Escher, M(aurits) C(ornelius) (1898–1972)
Maurits Escher was a Dutch artist whose graphic explorations of tiling, figure-ground ambiguities, impossible figures, and regression has attracted the interest of mathematicians and scientists. His experiences of Moorish art (see Alhambra) and his contact with mathematicians, most notably Harold Coxeter, led him to explore the way repetitive shapes can be used to tile the plane, and from this to ideas about duality and transformation. Escher's preoccupation with dualities is a constant presence in his work in the form of foreground/background, light and dark, flatness and dimensionality, representation and decoration, frame and scene, large and small, viewpoint and vanishing point, form and negative space, positive and negative, light and dark, observer and observed, as well as the metaphysical aspects of good and evil.
Self-referential images resonate throughout Escher's works – reflections of the artist, hands that draw themselves, the visitor in a picture gallery who looks at a print that contains him.
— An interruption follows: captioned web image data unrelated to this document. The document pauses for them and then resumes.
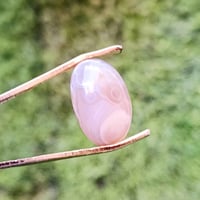 سليماني عطــــف رصاصي عيون للبيع بـــــ 15ـــــ 07830066689واتساب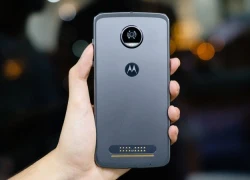 Moto Z2 Play chính hãng có giá 11 triệu đồng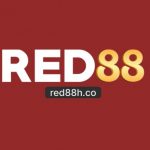 Profile picture of 49849158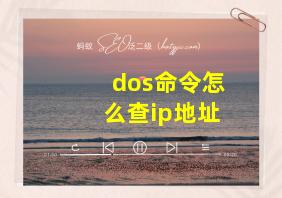 dos命令怎么查ip地址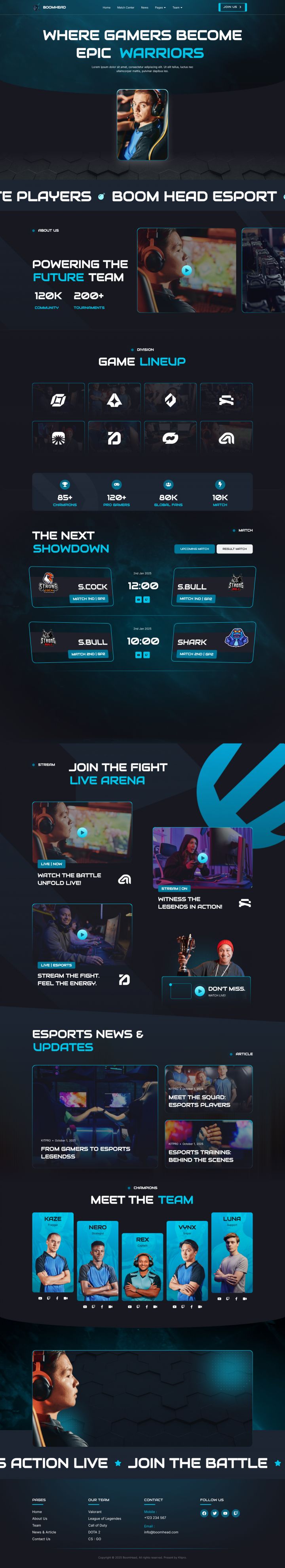 WordPress шаблон ThemeForest BoomHead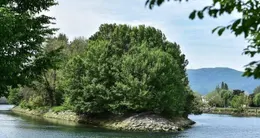 Info insolite cette langue de terre boisée d’une superficie de 3 000 m2, interdite au public, a vu passer des personnalités comme françois ier, louis xiv et napoléon iii au fil des siècles…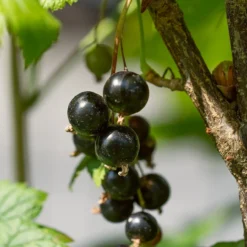 Ben Lomond Blackcurrant Bush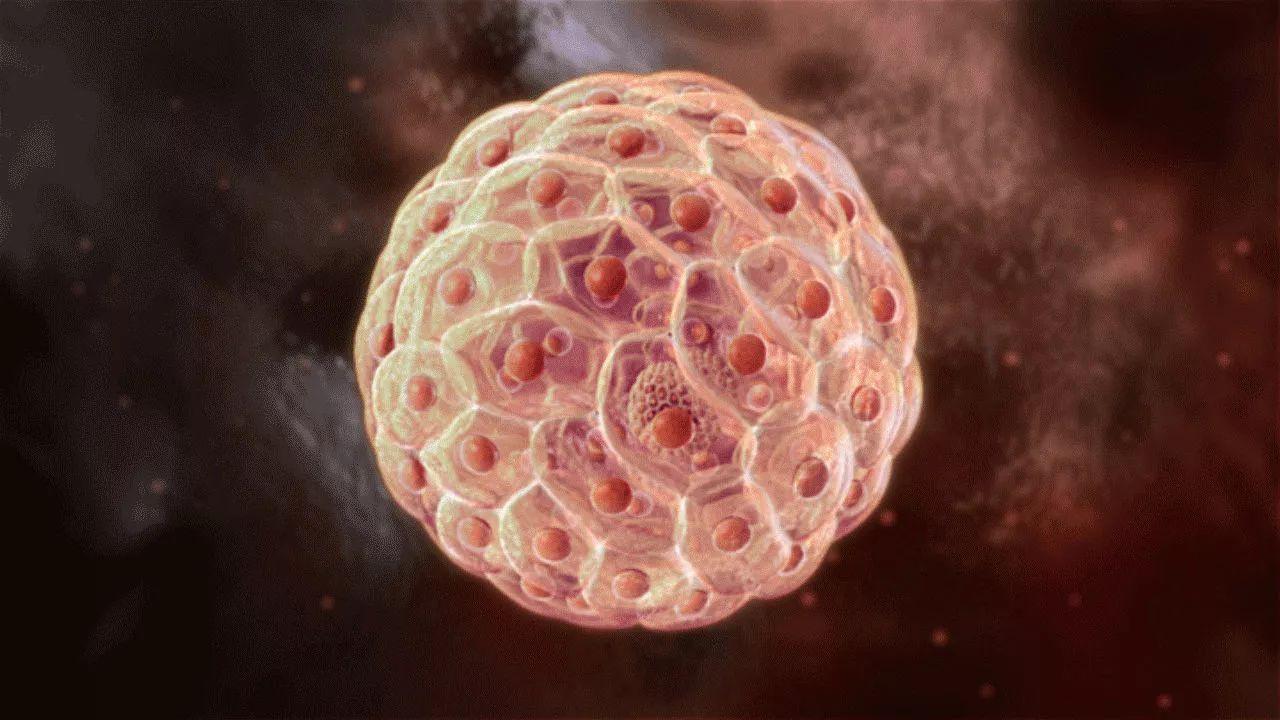 揭秘万能干细胞神奇功能无法想象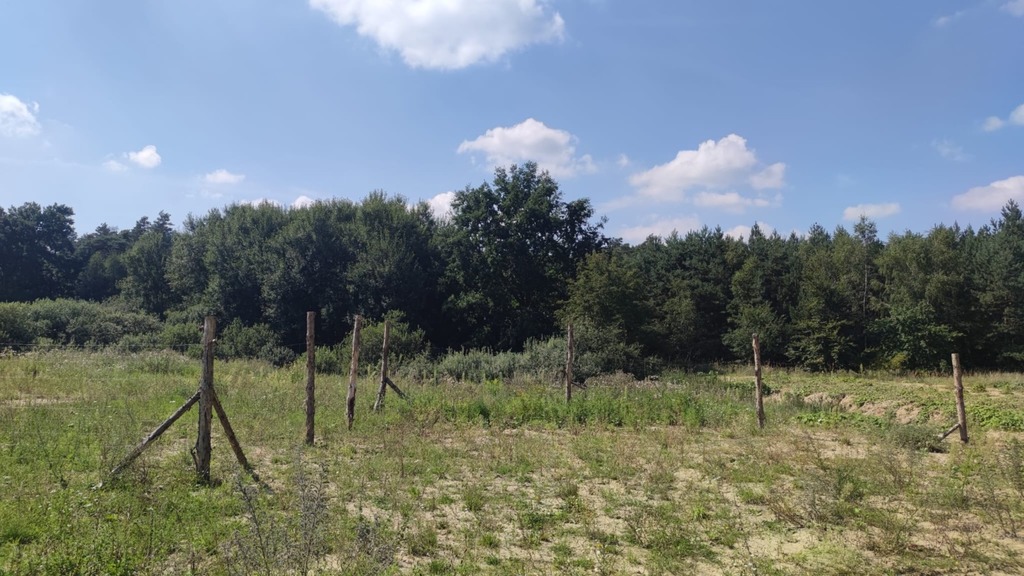Działka na sprzedaż Kościno 2 439 m2 | Arka Nieruchomości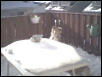 Goldie having fun in the snow.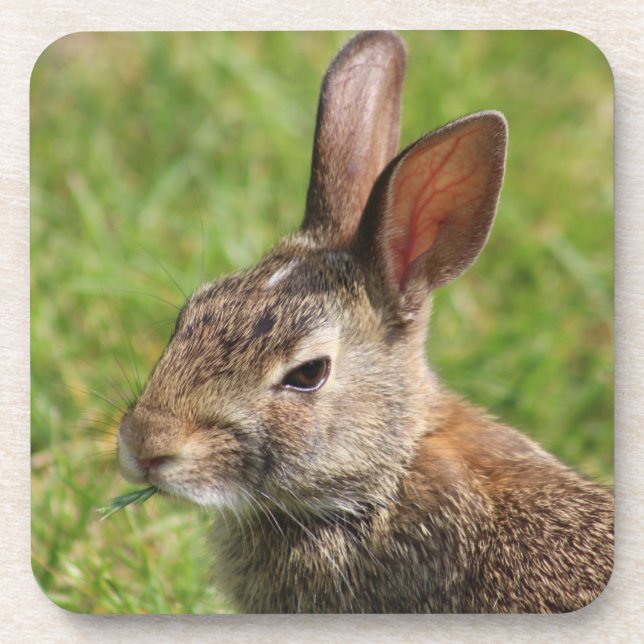 Bunny Rabbit Untersetzer (Vorderseite)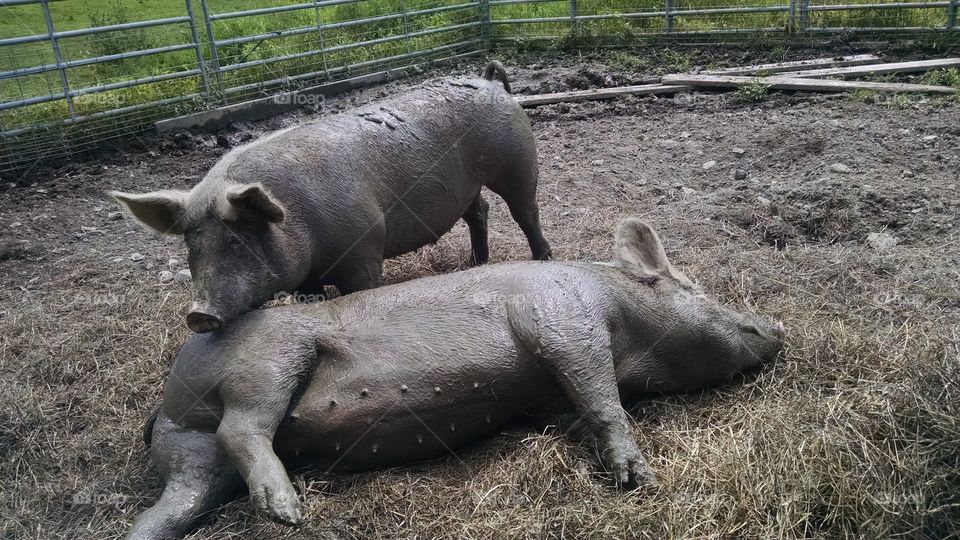 Mud Bath. pic taken on July 20,2015 up at the farm in Wantage NJ.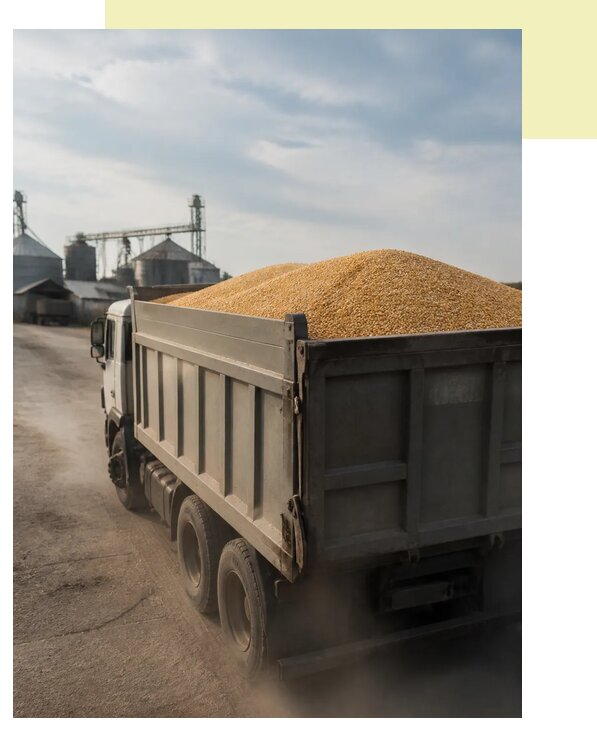 Перевозка сельхозпродукции навалом в Старую Русса по цене от 3057 р. | Агросервис-Срс
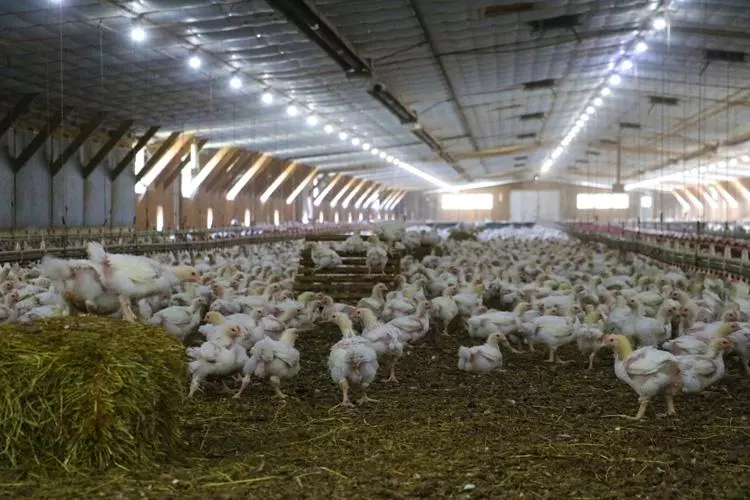 perdue farms chicken house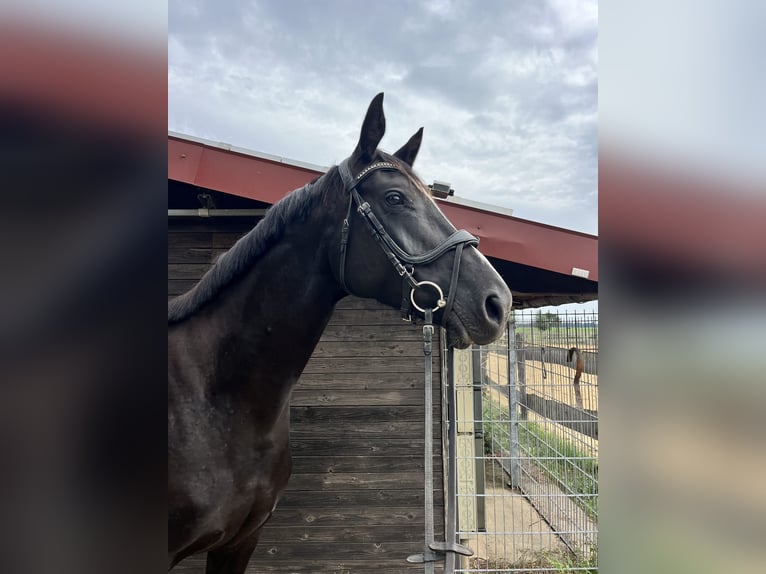 Mecklenburg Warmblood Mare 6 years 15,2 hh Black in Banzkow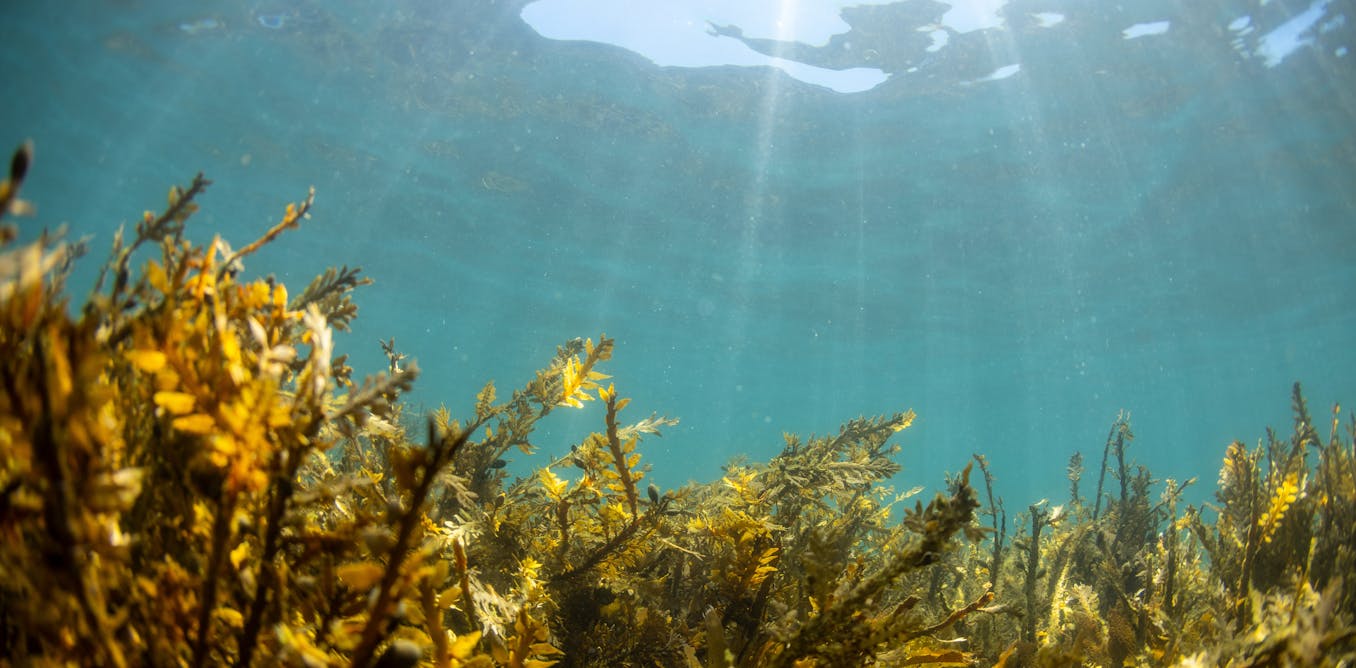 Why eating seaweed might help prevent Parkinsons disease [Video]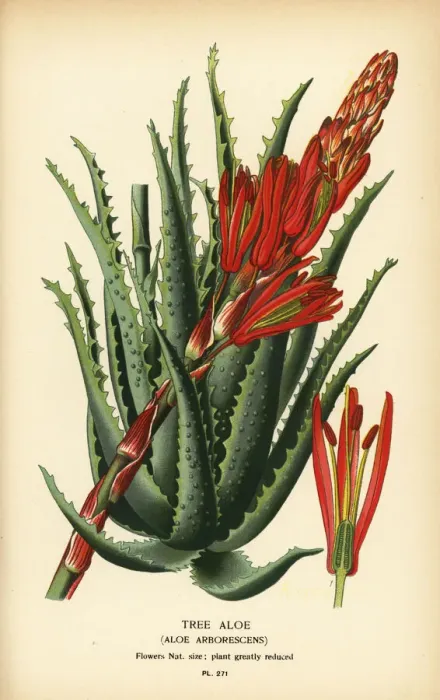 Framed Print : Tree aloe, Aloe arborescens Framed Print : Tree aloe, Aloe arborescens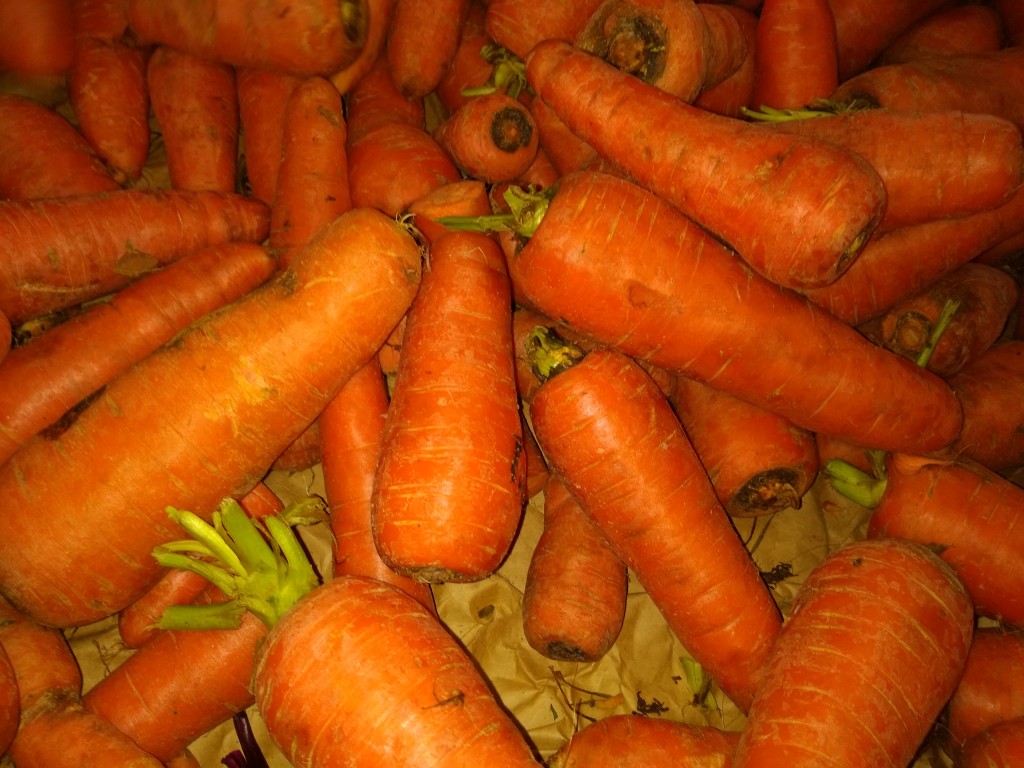 Zanahoria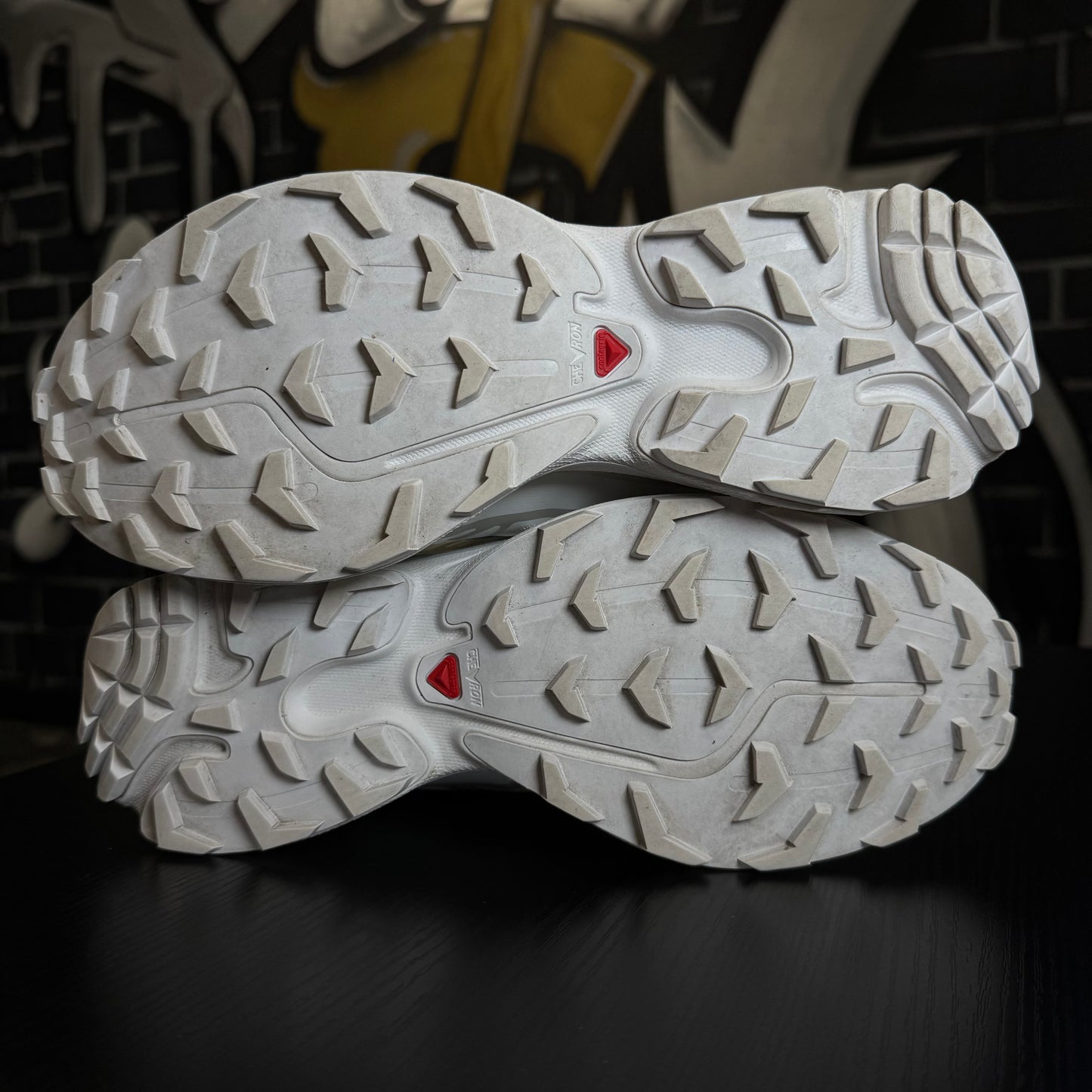 Salomon XT-6 White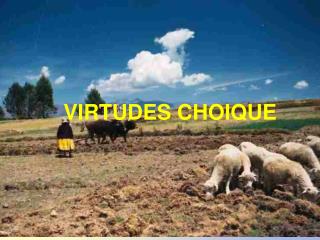 VIRTUDES CHOIQUE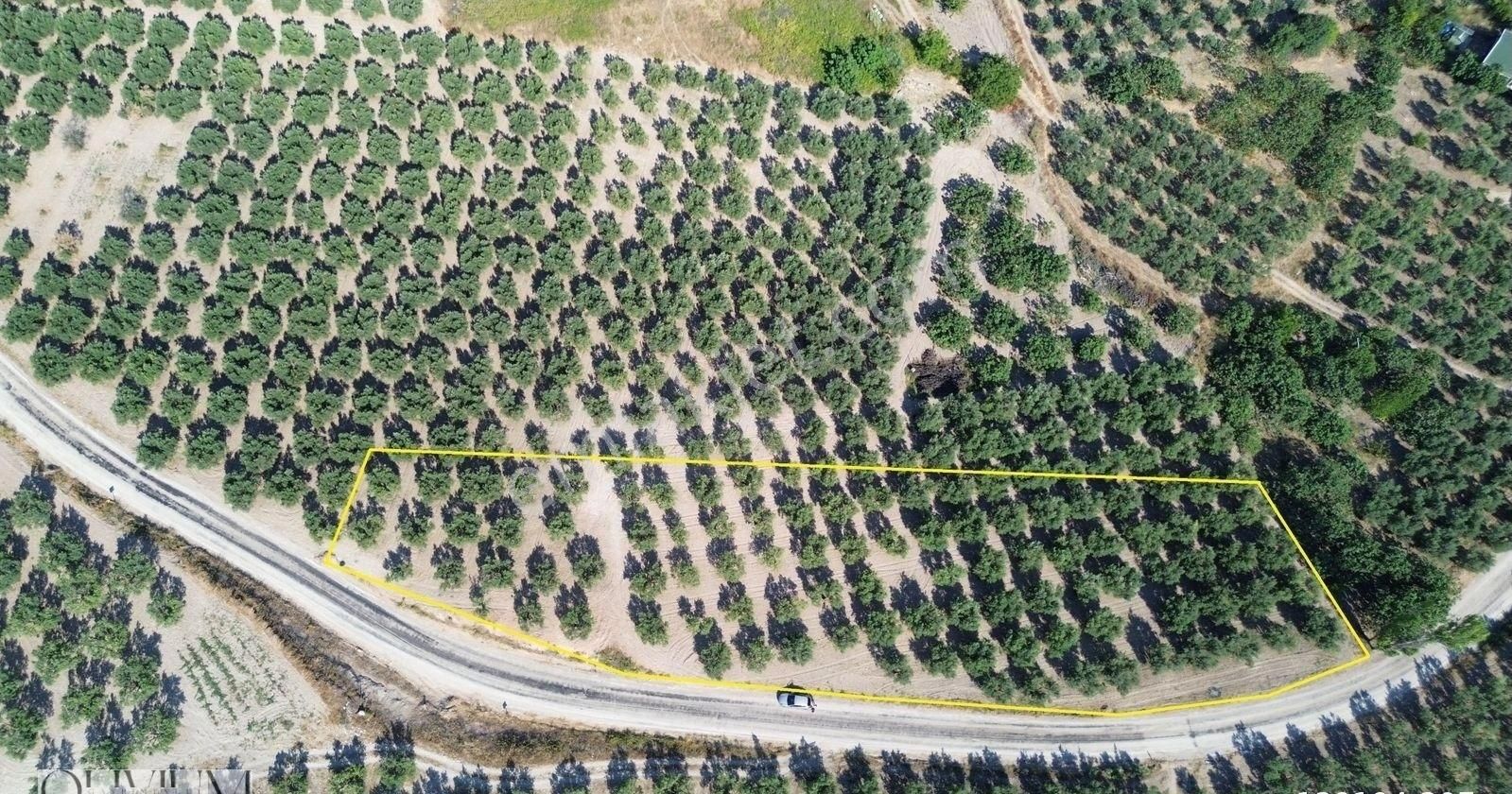 Olivium'dan Mürsel Mh'de Kaçırılmayacak 2500m2 Yatırımlık Tarla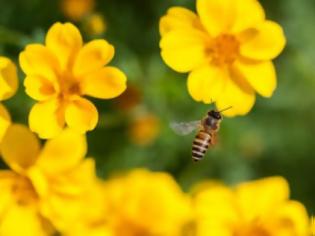 Φωτογραφία για Τσίμπημα από μέλισσα: Πόσο γρήγορα πρέπει να αφαιρείται το κεντρί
It was for this reason that Douglas Hofstadter wove Escher, along with Kurt Gödel and Bach, into the "eternal golden braid" at the heart of his Pulitzer Prize-winning book.1 Having seen some of Escher's art, Roger Penrose was inspired to devise impossible figures, including the Penrose triangle, which Escher then incorporated into several of his later works. After the artist's death Penrose regretted that Escher had not lived long enough to take advantage of the discovery of Penrose tiling.
1. Hofstadter, Douglas R. Gödel. Escher, Bach: An Eternal Golden
Braid. New York: Basic Books, 1999.
2. Escher, M. C. The Graphic Work of M.C. Escher. New York: Ballantine, 1971.
3. Coxeter, H. S. M., Emmer, M., Penrose, R., and Teuber, M. L. (eds). M. C. Escher: Art and Science. New York: North-Holland, 1986.